[erlang-questions] why is gen_tcp:send slow?

Rapsey <>
Tue Jun 24 21:00:42 CEST 2008


You're using very large packets. I think the results would be much more
telling if the packets would be a few kB at most. That is closer to most
real life situations.


Sergej

On Tue, Jun 24, 2008 at 8:43 PM, Edwin Fine <>
wrote:

> I wrote a small benchmark in Erlang to see how fast I could get socket
> communications to go. All the benchmark does is pump the same buffer to a
> socket for (by default) 10 seconds.
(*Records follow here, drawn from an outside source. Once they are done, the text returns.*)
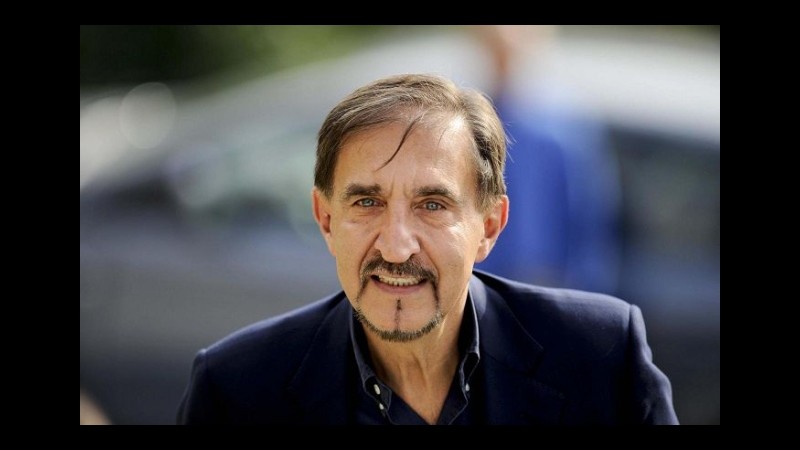 La Russa: Sentenza su saluto romano giusta, rimargina ferita di 40 anni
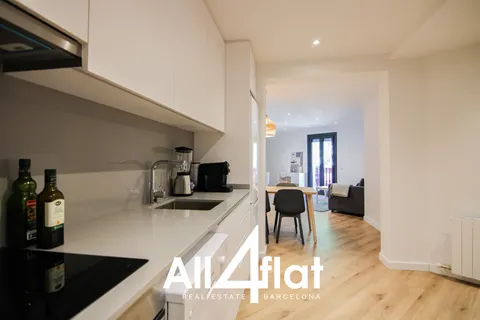 Appartamento 104 m² a Barcelona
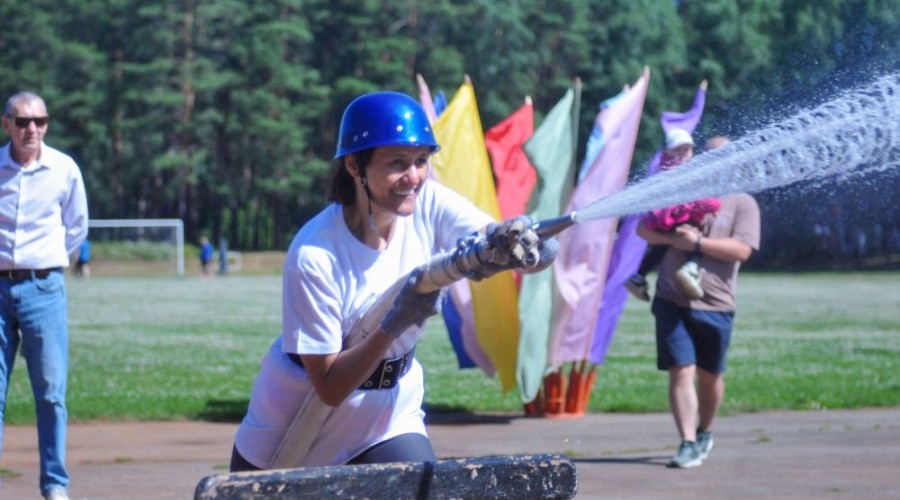 Горячие старты Белоярской АЭС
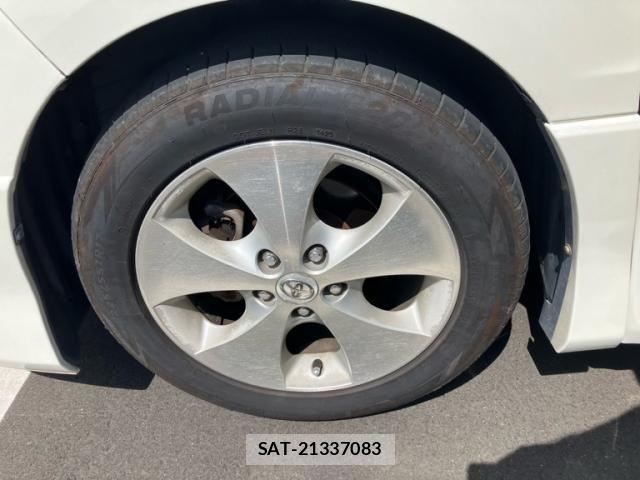 Toyota ALPHARD 2006-07 8353837-5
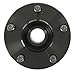 MOOG 513303 Wheel Bearing and Hub Assembly for Subaru Forester
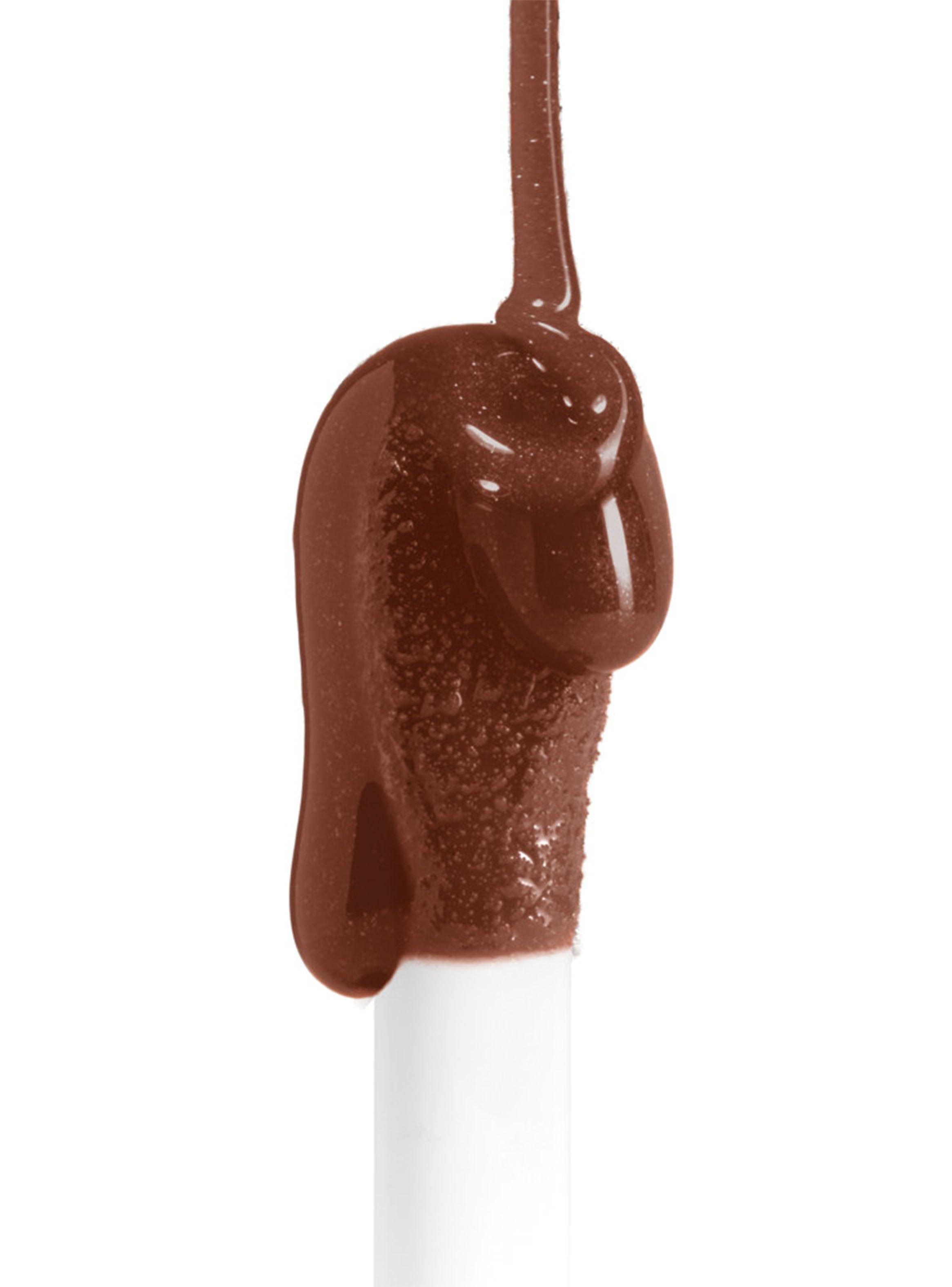 Brillo de Labios Fat Oil Lip Drip Livin' the Cream Nyx Professional Makeup-3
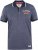 D555 HATFIELD Polo Shirt - Polo-shirts für herren - Polo-Shirts für Herren in großen Größen
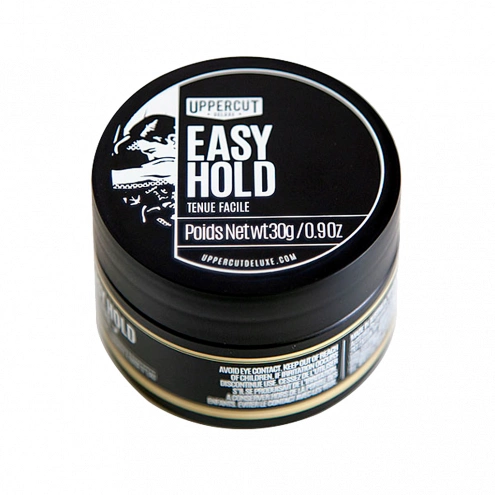 Uppercut Deluxe pomáda na vlasy Easy Hold MIDI 30g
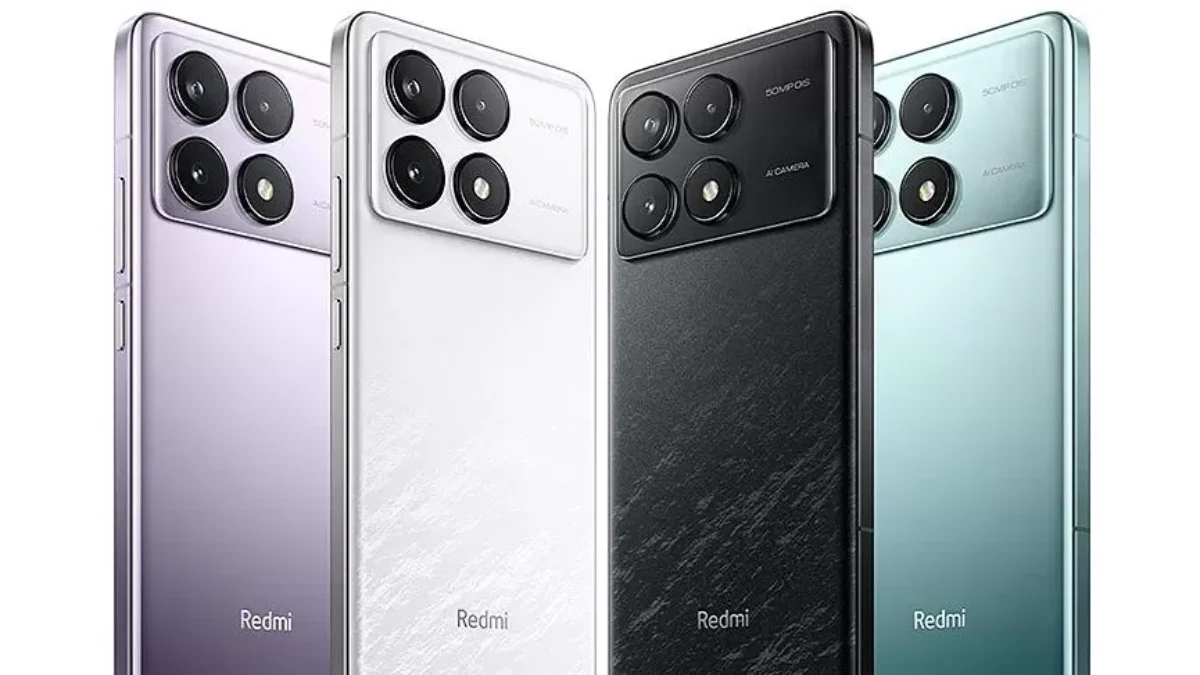 Perbandingan Poco F6 Pro vs Galaxy S24+, Lebih Tangguh Mana?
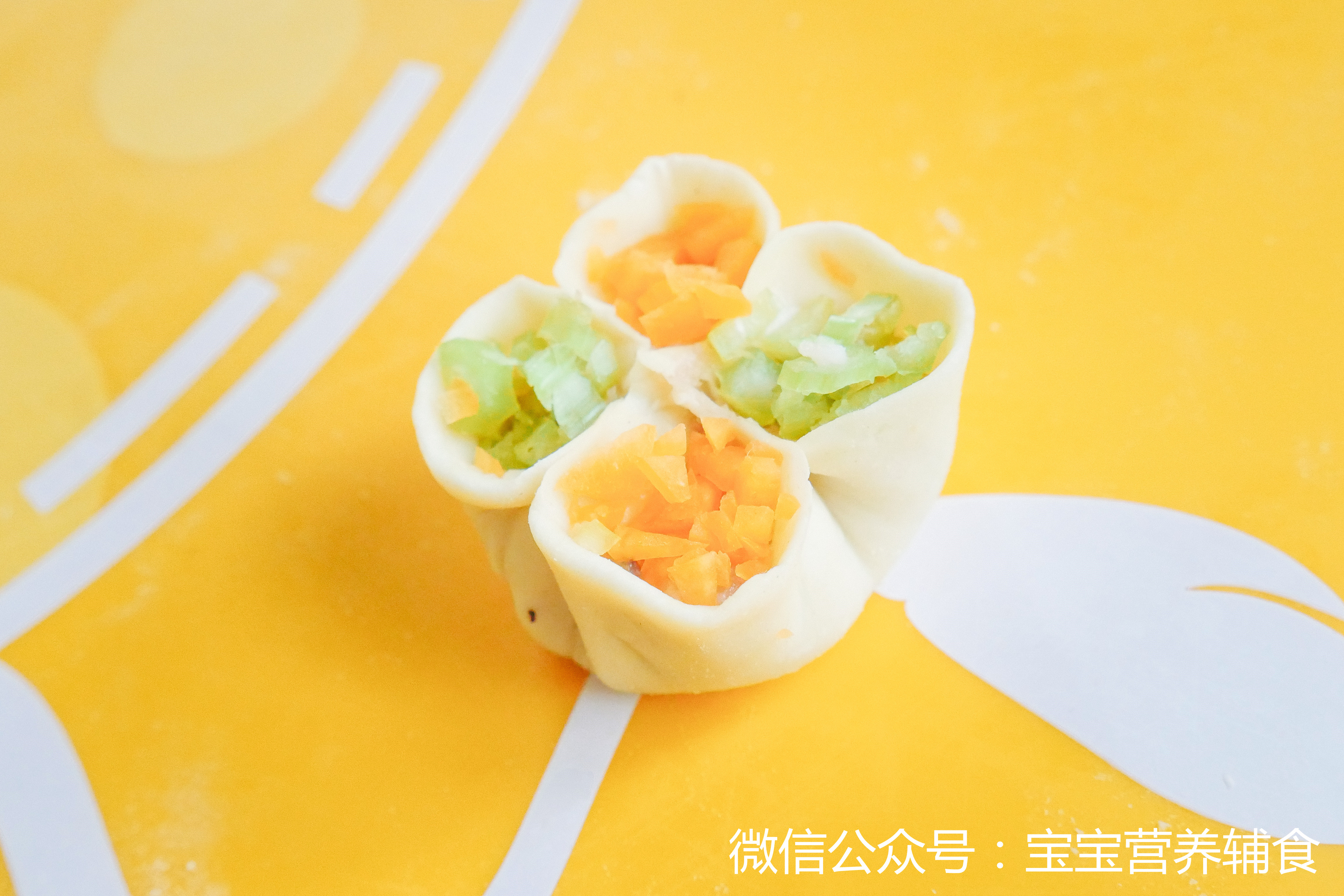 宝宝辅食吃了粥面吃什么,每天吃大米饭换口味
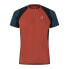 ფოტო #1 პროდუქტის MONTURA Outdoor Choice short sleeve T-shirt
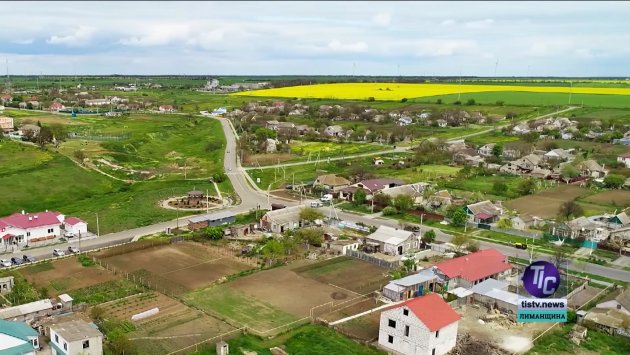 В Визирской СТГ разрабатывают инвестиционный паспорт громады (фото)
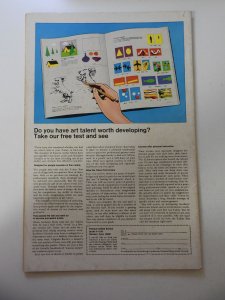 Thor #173 (1970) FN Condition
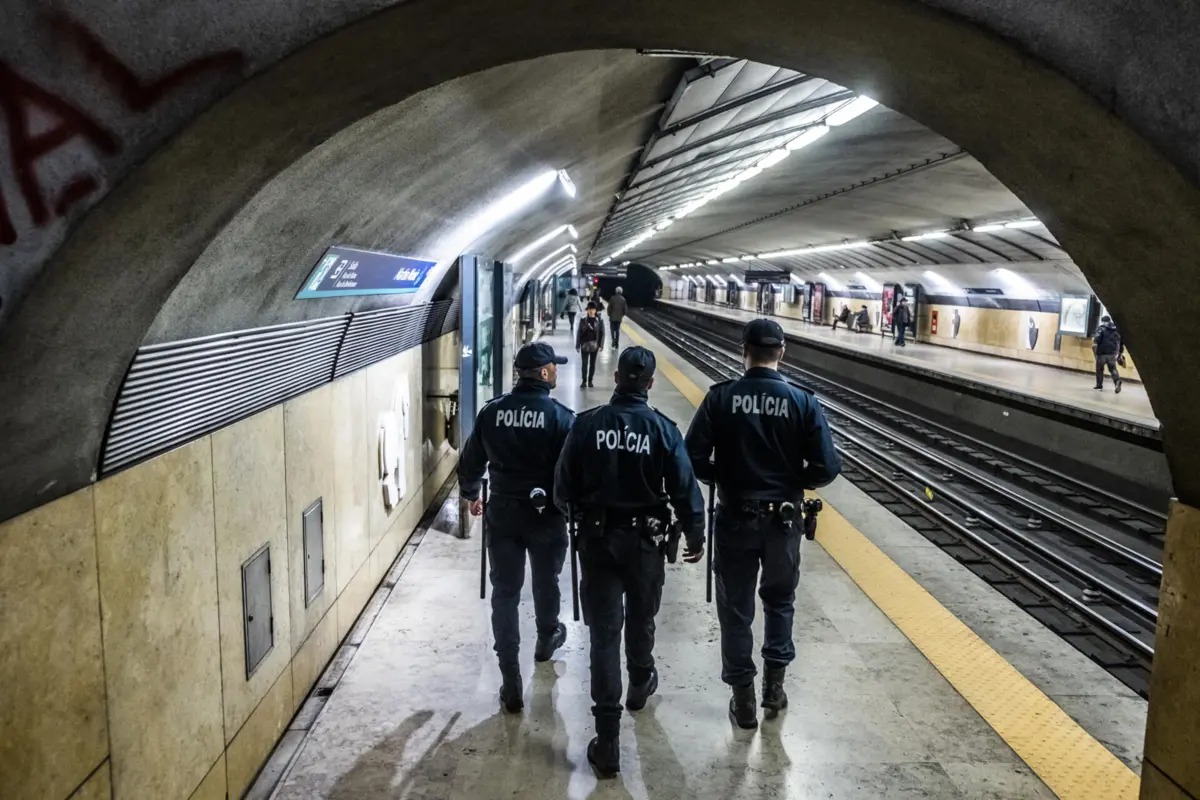 Governo confirma aquisição de bodycams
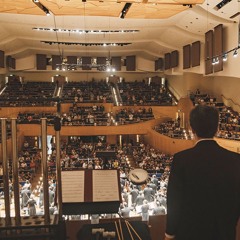 Concerto for Orchestra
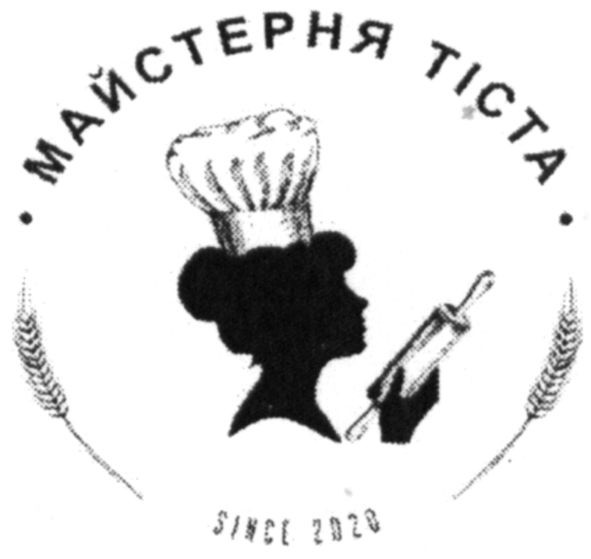 майстерня тіста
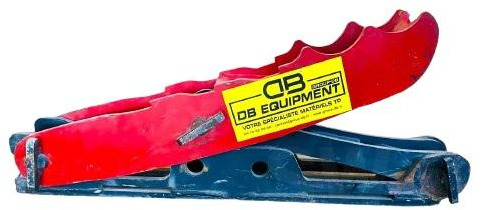 Pouce mécanique pour pelle de 2T à 8T - Pièces de rechange pour Pelle: photos 1 Pouce mécanique pour pelle de 2T à 8T - Pièces de rechange pour Pelle: photos 1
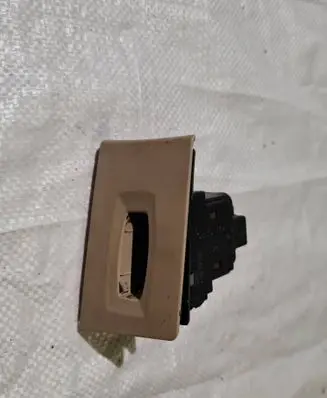 Ignition lock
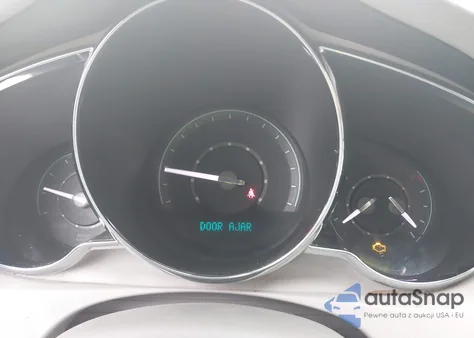 2009 Chevrolet Malibu Lt from USA, damaged, VIN 1G1ZJ577X9F183656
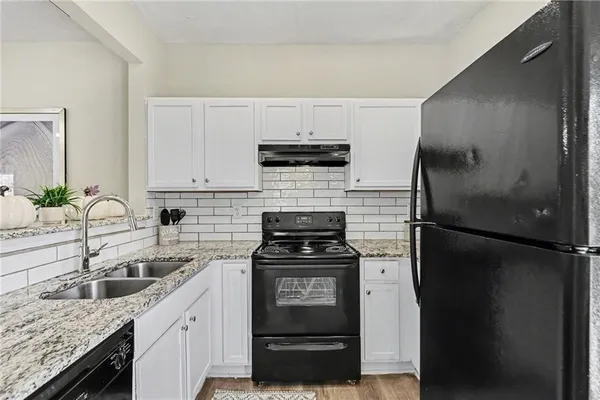 $179,900 | 3604 Ginnis Road, Unit 6, Atlanta, GA 30331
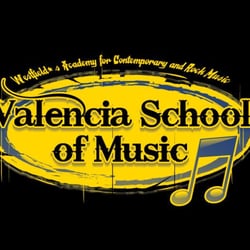 Valencia School of Music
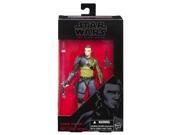 Star Wars: Black Series - Kanan Jarrus 6" Vinyl Figure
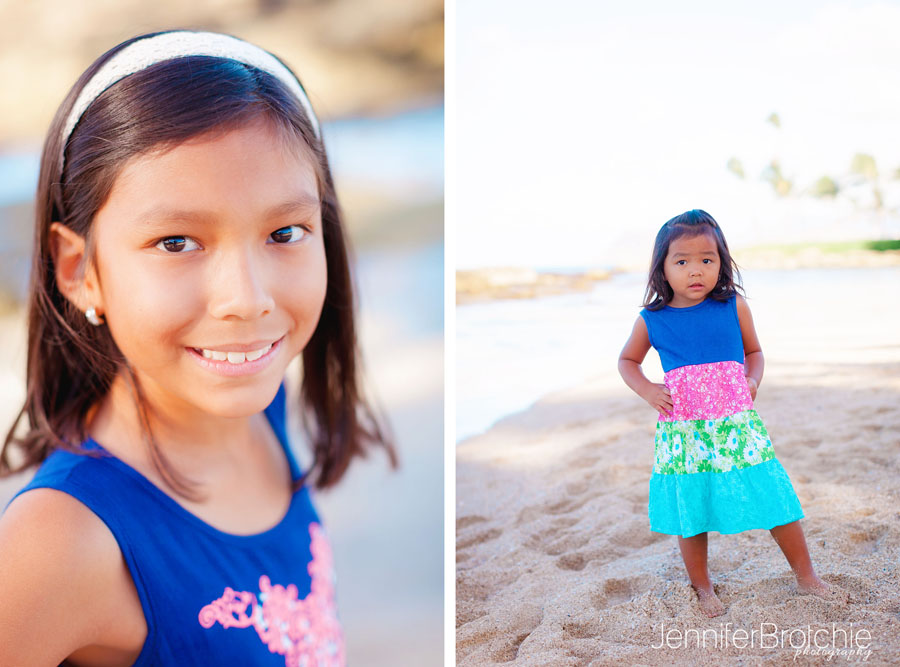 Oahu Family Photographer, Disney Aulani Photographer, Beach Portraits Waikiki, Best KoOlina Photographer, Turtle Bay Beach Sunset Portraits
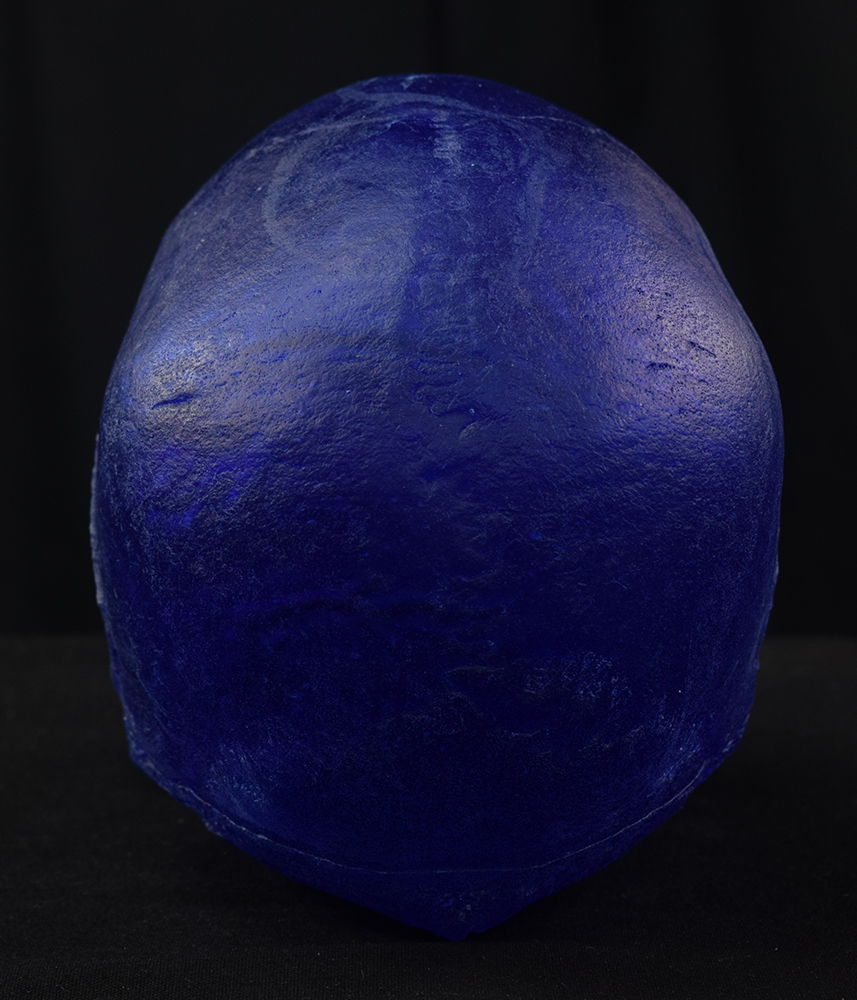 Mr. Wang Skull - Image 7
It uses {active, once} each time, just
> like you do.
>
> Server TCP options:
>      {active, once},
>         {reuseaddr, true},
>         {packet, 0},
>         {packet_size, 65536},
>         {recbuf, 1000000}
>
> Client TCP options:
>         {packet, raw},
>         {packet_size, 65536},
>         {sndbuf, 1024 * 1024},
>         {send_timeout, 3000}
>
> Here are some results using Erlang R12B-3 (erl +K true in the Linux
> version):
>
> Linux (Ubuntu 8.10 x86_64, Intel Core 2 Q6600, 8 GB):
> - Using localhost (127.0.0.1): 7474.14 MB in 10.01 secs (746.66 MB/sec)
> - Using 192.168.x.x IP address: 8064.94 MB in 10.00 secs (806.22 MB/sec)
> [Don't ask me why it's faster than using loopback, I repeated the tests and
> got the same result]
>
> Windows XP SP3 (32 bits), Intel Core 2 Duo E6600:
> - Using loopback: 2166.97 MB in 10.02 secs (216.35 MB/sec)
> - Using 192.168.x.x IP address: 2140.72 MB in 10.02 secs (213.75 MB/sec)
> - On Gigabit Ethernet to the Q6600 Linux box: 1063.61 MB in 10.02 secs
> (106.17 MB/sec) using non-jumbo frames. I don't think my router supports
> jumbo frames.
>
> There's undoubtedly a huge discrepancy between the two systems, whether
> because of kernel poll in Linux, or that it's 64 bits, or unoptimized
> Windows TCP/IP flags, I don't know. I don't believe it's the number of CPUs
> (there's only 1 process sending and one receiving), or the CPU speed (they
> are both 2.4 GHz Core 2s).
>
> Maybe some Erlang TCP/IP gurus could comment.
>
> I've attached the code for interest. It's not supposed to be production
> quality, so please don't beat me up :) although I am always open to
> suggestions for improvement. If you do improve it, I'd like to see what
> you've done. Maybe there is another simple Erlang tcp benchmark program out
> there (i.e. not Tsung), but I couldn't find one in a cursory Google search.
>
> To run:
>
> VM1:
>
> tb_server:start(Port, Opts).
> tb_server:stop() to stop.
>
> Port = integer()
> Opts = []|[opt()]
> opt() = {atom(), term()} (Accepts inet setopts options, too)
>
> The server prints out the transfer rate (for simplicity).
>
> VM2:
> tb_client(Host, Port, Opts).
>
> Host = atom()|string() hostname or IP address
> Port, Opts as in tb_server
>
> Runs for 10 seconds, sending a 64K buffer as fast as possible to Host/Port.
> You can change this to 20 seconds (e.g.) by adding the tupls {time_limit,
> 20000} to Opts.
> You can change buffer size by adding the tuple {blksize, Bytes} to Opts.
>
> 2008/6/20 Rapsey <>:
>
>> All data goes through nginx which acts as a proxy. Its CPU consumption is
>> never over 1%.
>>
>>
>> Sergej
>>
>>
>> On Thu, Jun 19, 2008 at 9:35 PM, Javier París Fernández <
>> > wrote:
>>
>>>
>>> El 19/06/2008, a las 20:06, Rapsey escribió:
>>>
>>>  It loops from another module, that way I can update the code at any time
>>>> without disrupting anything.
>>>> The packets are generally a few hundred bytes big, except keyframes
>>>> which tend to be in the kB range. I haven't tried looking with wireshark.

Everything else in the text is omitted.